■ **REQUIRED ACTION**
Go through the entries below and retype them exactly, omitting each picture.

■ **INPUT DATA**
* * *

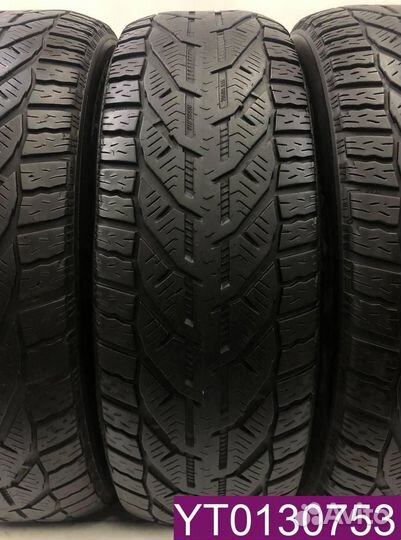 Tigar Winter 205/65 R16 95H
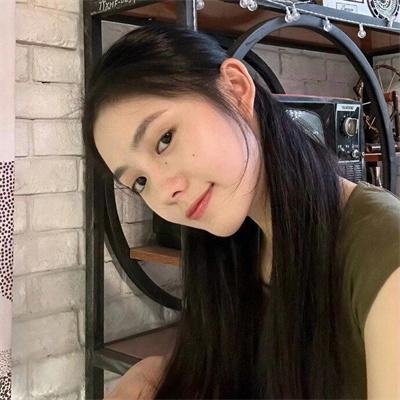 请对我承诺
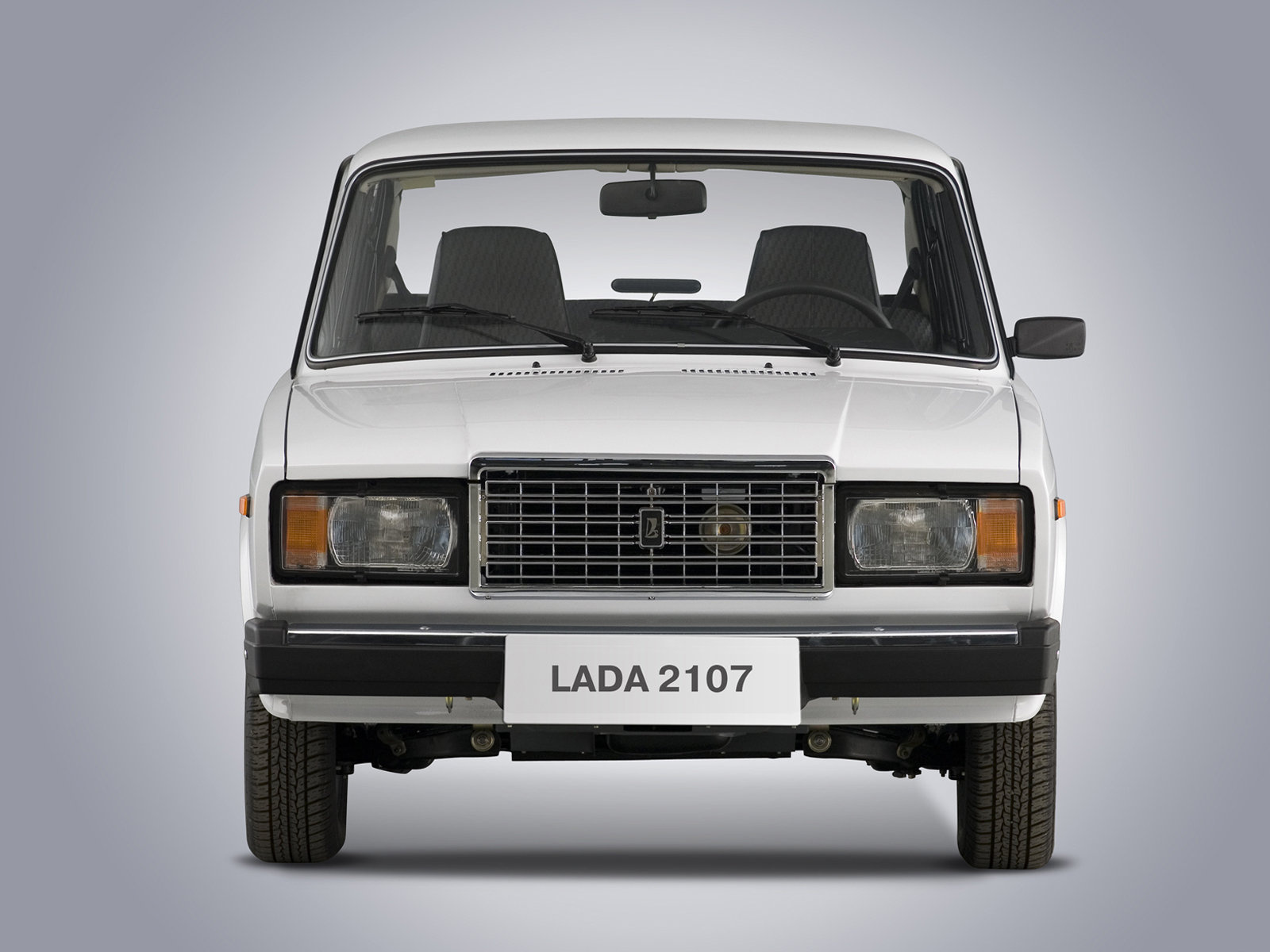 Lada 2107 vnc (4)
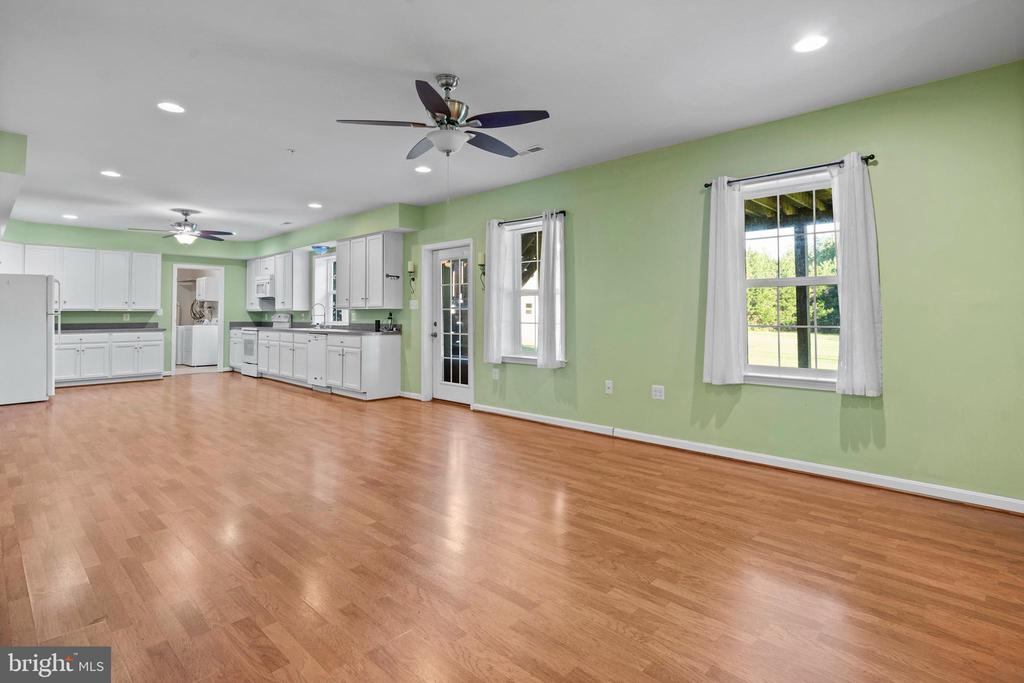 15221 TRUMAN MANOR LANE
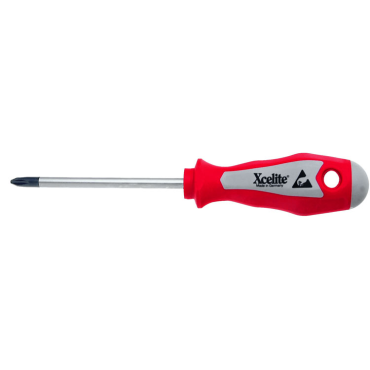 WellerXPE102
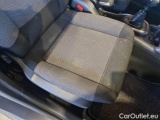  Citroen  C3 CITROEN  AIRCROSS / 2017 / 5P / SUV PURETECH 110 SeS SHINE #14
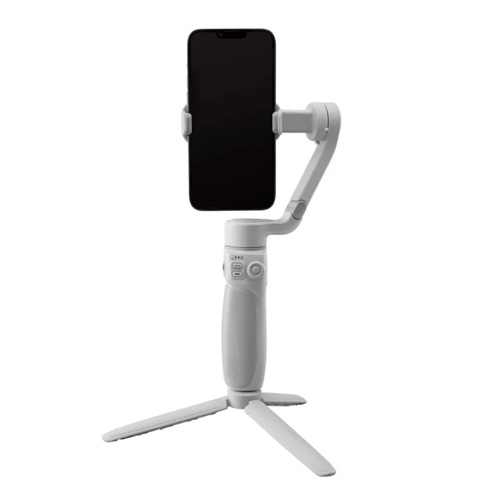 Zhiyun Smooth Q4 Combo Gimbal Price in Bangladesh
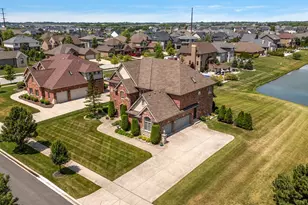8540 W 105th Ave, Saint John, IN 46373 - Photo 6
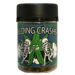 80 Stixx One Ounce Flower Weeding Crashers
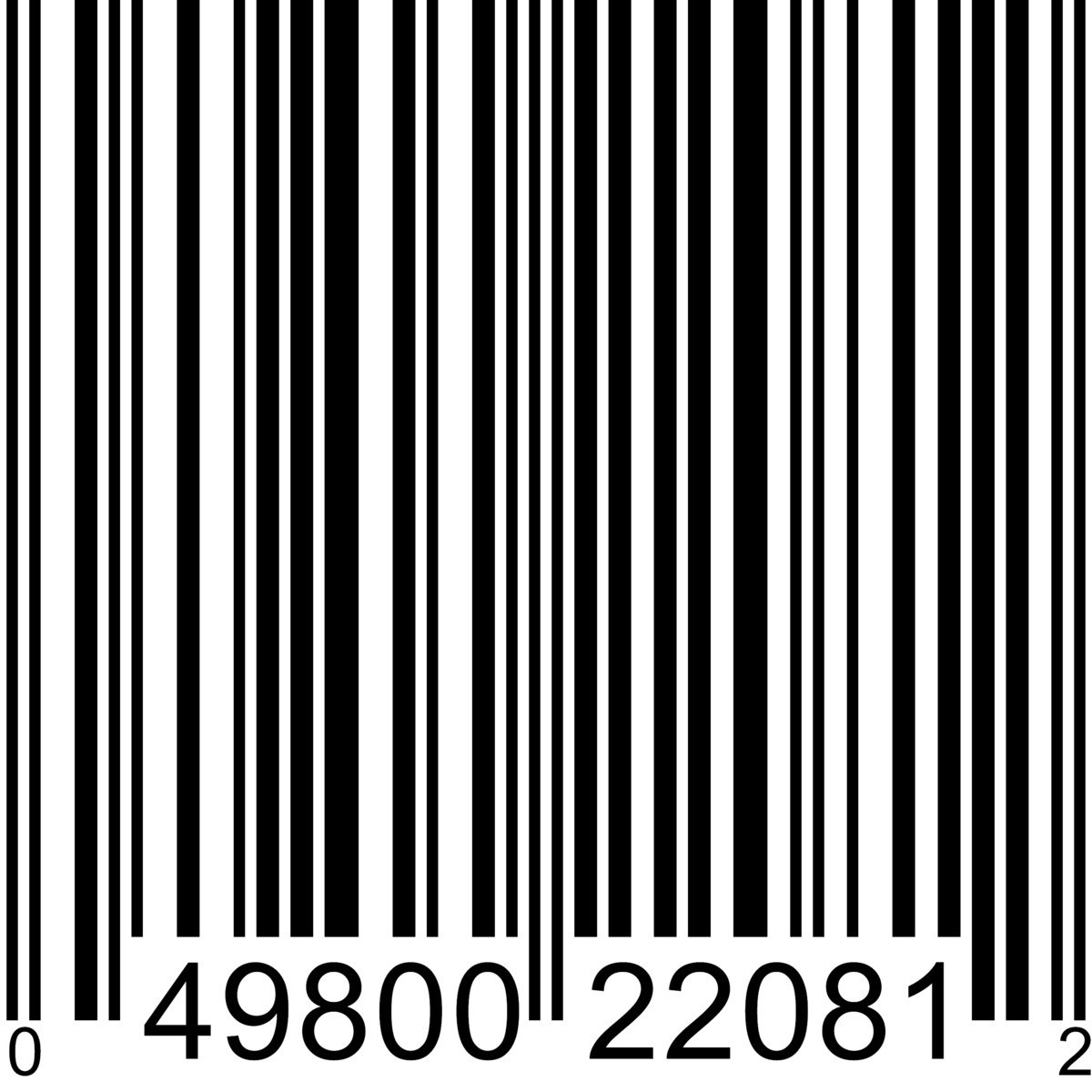 slide 8 of 12, Our Specialty Treat Shop Chocolate Style Cake Cup 6.81 oz, 6.81 oz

* * *

■ **TASK SOLUTION**
 Tigar Winter 205/65 R16 95H
 请对我承诺
 Lada 2107 vnc (4)
 15221 TRUMAN MANOR LANE
 WellerXPE102
  Citroen  C3 CITROEN  AIRCROSS / 2017 / 5P / SUV PURETECH 110 SeS SHINE #14
 Zhiyun Smooth Q4 Combo Gimbal Price in Bangladesh
8540 W 105th Ave, Saint John, IN 46373 - Photo 6
 80 Stixx One Ounce Flower Weeding Crashers
 slide 8 of 12, Our Specialty Treat Shop Chocolate Style Cake Cup 6.81 oz, 6.81 oz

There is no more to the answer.